─── Data supplied ───

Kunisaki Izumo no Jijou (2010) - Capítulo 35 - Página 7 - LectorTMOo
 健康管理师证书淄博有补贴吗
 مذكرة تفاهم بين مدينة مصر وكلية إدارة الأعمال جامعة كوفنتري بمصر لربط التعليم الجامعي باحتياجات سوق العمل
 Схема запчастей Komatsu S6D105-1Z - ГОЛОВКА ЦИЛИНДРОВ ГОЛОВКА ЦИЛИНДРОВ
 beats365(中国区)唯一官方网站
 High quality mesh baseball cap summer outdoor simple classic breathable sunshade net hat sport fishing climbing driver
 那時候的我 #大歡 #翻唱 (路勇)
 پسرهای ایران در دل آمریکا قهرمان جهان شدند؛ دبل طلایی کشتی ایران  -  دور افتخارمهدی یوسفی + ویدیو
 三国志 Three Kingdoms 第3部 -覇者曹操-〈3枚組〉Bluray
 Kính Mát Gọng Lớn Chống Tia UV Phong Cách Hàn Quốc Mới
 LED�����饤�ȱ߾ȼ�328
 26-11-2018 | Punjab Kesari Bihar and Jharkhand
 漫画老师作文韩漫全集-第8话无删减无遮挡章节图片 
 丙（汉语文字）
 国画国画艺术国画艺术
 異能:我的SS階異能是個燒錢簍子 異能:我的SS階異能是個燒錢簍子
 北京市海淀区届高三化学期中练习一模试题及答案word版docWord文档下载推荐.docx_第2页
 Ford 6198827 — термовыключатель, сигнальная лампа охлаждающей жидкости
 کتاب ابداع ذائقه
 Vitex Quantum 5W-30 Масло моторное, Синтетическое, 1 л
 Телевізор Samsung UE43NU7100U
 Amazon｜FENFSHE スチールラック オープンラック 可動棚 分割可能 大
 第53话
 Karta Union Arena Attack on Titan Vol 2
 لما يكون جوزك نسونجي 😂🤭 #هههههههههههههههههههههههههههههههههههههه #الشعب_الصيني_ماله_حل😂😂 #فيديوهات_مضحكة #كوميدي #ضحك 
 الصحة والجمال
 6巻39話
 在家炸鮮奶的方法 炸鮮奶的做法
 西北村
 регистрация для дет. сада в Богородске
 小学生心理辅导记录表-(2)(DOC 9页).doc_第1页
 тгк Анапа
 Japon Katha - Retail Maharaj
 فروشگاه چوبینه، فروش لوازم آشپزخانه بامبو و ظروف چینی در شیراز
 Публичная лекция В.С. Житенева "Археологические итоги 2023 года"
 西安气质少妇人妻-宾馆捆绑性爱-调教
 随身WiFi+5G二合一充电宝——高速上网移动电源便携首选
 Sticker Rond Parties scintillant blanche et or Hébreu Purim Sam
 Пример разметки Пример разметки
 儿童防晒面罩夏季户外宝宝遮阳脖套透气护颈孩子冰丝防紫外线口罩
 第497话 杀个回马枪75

───

▸ **What to work on**: Copy the listing exactly as it stands.

▸ **Solution to the exercise**:
Kunisaki Izumo no Jijou (2010) - Capítulo 35 - Página 7 - LectorTMOo
 健康管理师证书淄博有补贴吗
 مذكرة تفاهم بين مدينة مصر وكلية إدارة الأعمال جامعة كوفنتري بمصر لربط التعليم الجامعي باحتياجات سوق العمل
 Схема запчастей Komatsu S6D105-1Z - ГОЛОВКА ЦИЛИНДРОВ ГОЛОВКА ЦИЛИНДРОВ
 beats365(中国区)唯一官方网站
 High quality mesh baseball cap summer outdoor simple classic breathable sunshade net hat sport fishing climbing driver
 那時候的我 #大歡 #翻唱 (路勇)
 پسرهای ایران در دل آمریکا قهرمان جهان شدند؛ دبل طلایی کشتی ایران  -  دور افتخارمهدی یوسفی + ویدیو
 三国志 Three Kingdoms 第3部 -覇者曹操-〈3枚組〉Bluray
 Kính Mát Gọng Lớn Chống Tia UV Phong Cách Hàn Quốc Mới
 LED�����饤�ȱ߾ȼ�328
 26-11-2018 | Punjab Kesari Bihar and Jharkhand
 漫画老师作文韩漫全集-第8话无删减无遮挡章节图片 
 丙（汉语文字）
 国画国画艺术国画艺术
 異能:我的SS階異能是個燒錢簍子 異能:我的SS階異能是個燒錢簍子
 北京市海淀区届高三化学期中练习一模试题及答案word版docWord文档下载推荐.docx_第2页
 Ford 6198827 — термовыключатель, сигнальная лампа охлаждающей жидкости
 کتاب ابداع ذائقه
 Vitex Quantum 5W-30 Масло моторное, Синтетическое, 1 л
 Телевізор Samsung UE43NU7100U
 Amazon｜FENFSHE スチールラック オープンラック 可動棚 分割可能 大
 第53话
 Karta Union Arena Attack on Titan Vol 2
 لما يكون جوزك نسونجي 😂🤭 #هههههههههههههههههههههههههههههههههههههه #الشعب_الصيني_ماله_حل😂😂 #فيديوهات_مضحكة #كوميدي #ضحك 
 الصحة والجمال
 6巻39話
 在家炸鮮奶的方法 炸鮮奶的做法
 西北村
 регистрация для дет. сада в Богородске
 小学生心理辅导记录表-(2)(DOC 9页).doc_第1页
 тгк Анапа
 Japon Katha - Retail Maharaj
 فروشگاه چوبینه، فروش لوازم آشپزخانه بامبو و ظروف چینی در شیراز
 Публичная лекция В.С. Житенева "Археологические итоги 2023 года"
 西安气质少妇人妻-宾馆捆绑性爱-调教
 随身WiFi+5G二合一充电宝——高速上网移动电源便携首选
 Sticker Rond Parties scintillant blanche et or Hébreu Purim Sam
 Пример разметки Пример разметки
 儿童防晒面罩夏季户外宝宝遮阳脖套透气护颈孩子冰丝防紫外线口罩
 第497话 杀个回马枪75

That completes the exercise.